Another deterrent that we tried was chalk. I read that ants will not cross chalk, so we used it to block off their paths. They were clearly not happy about the chalk, and would avoid it whenever possible. When there was no other option, though, they would eventually cross the chalk line and continue their march. It was not an effective solution for us.

I also read that both vinegar and citrus were good deterrents. We keep a jar of vinegar and lemon peels on the counter to use as a cleaner, so thought it would work great. It seemed to have no impact as a deterrent, though. If we sprayed the ants themselves they would scatter and avoid the area for a while, but would soon return as if nothing had changed. We concluded that either vinegar or citrus were useful deterrents in our situation.

As we became more desperate to find a solution we decided that we needed to try something to actually get rid of the ants rather than just try to deter them. I had some previous experience with using Borax as an ant killer, so did some additional research and decided to give it a shot.

I mixed 1 part Borax with 3 parts powdered sugar and scattered it in the areas where the ants were most common. After a few days there was a definite decrease in ant traffic. It has been nearly a week since we started using the Borax mix and it seems that we are getting the ants under control. We aren't to the point that we can stop using it yet, but I think we'll get there fairly soon.

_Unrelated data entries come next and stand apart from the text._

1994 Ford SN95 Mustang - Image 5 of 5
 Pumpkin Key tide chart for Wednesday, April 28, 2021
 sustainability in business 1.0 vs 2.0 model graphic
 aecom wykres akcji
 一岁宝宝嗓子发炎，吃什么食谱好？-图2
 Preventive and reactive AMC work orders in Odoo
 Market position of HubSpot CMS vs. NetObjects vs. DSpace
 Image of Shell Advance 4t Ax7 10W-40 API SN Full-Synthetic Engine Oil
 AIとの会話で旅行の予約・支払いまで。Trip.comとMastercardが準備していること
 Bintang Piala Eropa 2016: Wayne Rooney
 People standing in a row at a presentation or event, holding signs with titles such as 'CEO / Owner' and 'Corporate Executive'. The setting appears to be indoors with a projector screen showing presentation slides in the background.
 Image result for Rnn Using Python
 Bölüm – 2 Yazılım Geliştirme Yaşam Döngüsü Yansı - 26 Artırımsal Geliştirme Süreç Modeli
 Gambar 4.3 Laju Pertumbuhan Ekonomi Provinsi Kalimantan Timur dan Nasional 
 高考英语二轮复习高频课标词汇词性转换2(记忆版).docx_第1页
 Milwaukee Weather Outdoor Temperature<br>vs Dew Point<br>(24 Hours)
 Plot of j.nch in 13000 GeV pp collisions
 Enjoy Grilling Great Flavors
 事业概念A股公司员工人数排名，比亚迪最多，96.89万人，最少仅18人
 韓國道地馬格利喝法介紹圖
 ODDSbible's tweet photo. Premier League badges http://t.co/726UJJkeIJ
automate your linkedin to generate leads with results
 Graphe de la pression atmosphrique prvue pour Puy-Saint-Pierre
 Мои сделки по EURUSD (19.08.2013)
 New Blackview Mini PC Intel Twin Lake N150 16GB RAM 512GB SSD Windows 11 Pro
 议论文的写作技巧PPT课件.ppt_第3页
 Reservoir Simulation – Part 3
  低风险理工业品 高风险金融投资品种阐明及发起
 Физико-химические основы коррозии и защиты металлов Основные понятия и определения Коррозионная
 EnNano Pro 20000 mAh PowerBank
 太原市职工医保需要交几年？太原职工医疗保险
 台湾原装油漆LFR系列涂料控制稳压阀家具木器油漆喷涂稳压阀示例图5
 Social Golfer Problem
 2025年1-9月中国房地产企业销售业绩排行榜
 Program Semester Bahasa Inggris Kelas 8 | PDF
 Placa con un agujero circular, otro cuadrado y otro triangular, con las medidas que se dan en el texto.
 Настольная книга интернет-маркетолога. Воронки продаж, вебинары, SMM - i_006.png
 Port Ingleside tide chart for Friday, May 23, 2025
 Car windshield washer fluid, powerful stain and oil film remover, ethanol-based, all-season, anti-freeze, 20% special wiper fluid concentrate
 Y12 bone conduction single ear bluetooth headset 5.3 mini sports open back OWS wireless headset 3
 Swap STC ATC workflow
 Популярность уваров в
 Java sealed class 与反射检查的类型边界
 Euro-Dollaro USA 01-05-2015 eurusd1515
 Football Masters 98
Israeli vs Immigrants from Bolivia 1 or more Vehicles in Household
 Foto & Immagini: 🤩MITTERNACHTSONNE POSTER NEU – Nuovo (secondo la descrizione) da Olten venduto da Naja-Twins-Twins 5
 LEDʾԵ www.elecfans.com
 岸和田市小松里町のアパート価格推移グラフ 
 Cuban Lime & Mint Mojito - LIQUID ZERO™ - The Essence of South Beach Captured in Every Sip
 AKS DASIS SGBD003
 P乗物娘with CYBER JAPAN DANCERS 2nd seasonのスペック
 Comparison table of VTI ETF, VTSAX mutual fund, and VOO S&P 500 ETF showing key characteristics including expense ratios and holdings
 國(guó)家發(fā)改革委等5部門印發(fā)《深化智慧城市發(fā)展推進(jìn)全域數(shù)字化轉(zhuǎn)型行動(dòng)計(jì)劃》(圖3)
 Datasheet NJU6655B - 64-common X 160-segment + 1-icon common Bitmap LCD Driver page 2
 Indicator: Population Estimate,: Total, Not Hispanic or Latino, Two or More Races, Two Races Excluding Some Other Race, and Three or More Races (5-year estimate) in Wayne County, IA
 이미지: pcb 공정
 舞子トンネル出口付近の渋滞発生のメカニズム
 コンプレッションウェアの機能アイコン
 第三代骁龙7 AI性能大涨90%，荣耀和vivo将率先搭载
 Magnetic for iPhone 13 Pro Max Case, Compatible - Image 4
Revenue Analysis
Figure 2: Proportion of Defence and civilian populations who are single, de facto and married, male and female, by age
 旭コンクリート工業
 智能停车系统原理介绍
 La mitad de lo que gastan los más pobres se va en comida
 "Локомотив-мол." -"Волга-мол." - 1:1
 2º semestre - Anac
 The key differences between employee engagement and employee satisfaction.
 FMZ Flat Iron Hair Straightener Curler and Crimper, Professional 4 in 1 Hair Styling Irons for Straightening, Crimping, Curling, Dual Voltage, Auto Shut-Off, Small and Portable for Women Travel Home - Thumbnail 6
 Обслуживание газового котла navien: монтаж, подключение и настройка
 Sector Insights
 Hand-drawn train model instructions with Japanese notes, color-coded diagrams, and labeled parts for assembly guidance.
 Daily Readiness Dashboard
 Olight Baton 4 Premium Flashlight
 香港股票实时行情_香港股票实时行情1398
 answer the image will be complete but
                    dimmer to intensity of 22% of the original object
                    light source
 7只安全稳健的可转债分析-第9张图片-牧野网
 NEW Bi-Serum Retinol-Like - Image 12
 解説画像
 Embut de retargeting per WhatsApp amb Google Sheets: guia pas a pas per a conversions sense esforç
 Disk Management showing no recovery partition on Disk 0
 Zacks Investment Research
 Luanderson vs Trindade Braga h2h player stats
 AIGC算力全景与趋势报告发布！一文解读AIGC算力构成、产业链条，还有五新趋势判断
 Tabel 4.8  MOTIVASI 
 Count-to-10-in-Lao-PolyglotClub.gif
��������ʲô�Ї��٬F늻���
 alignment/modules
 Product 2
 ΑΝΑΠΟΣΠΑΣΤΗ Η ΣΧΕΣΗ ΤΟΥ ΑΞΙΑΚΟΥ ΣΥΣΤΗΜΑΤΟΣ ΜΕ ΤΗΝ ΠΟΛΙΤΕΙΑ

For those of you not familiar with the use of Borax as an ant killer I'll give a brief summary of what I learned. Borax kills ants, but not immediately. They have time to make it back to the nest where they share the food with others. This is important because it impacts the entire nest, and not just the foraging ants. The use of powdered sugar is important because it attracts the ants. They will avoid Borax if not mixed with sugar or some similarly attractive ingredient. I have read that mixing equal parts Borax and powdered sugar isn't effective, presumably because the concentration of Borax is high enough that the ants avoid it completely. I also read suggestions of mixing with water to form a paste, or mixing with peanut butter, etc. The dry powdered sugar is working great for us, though and is easy to work with.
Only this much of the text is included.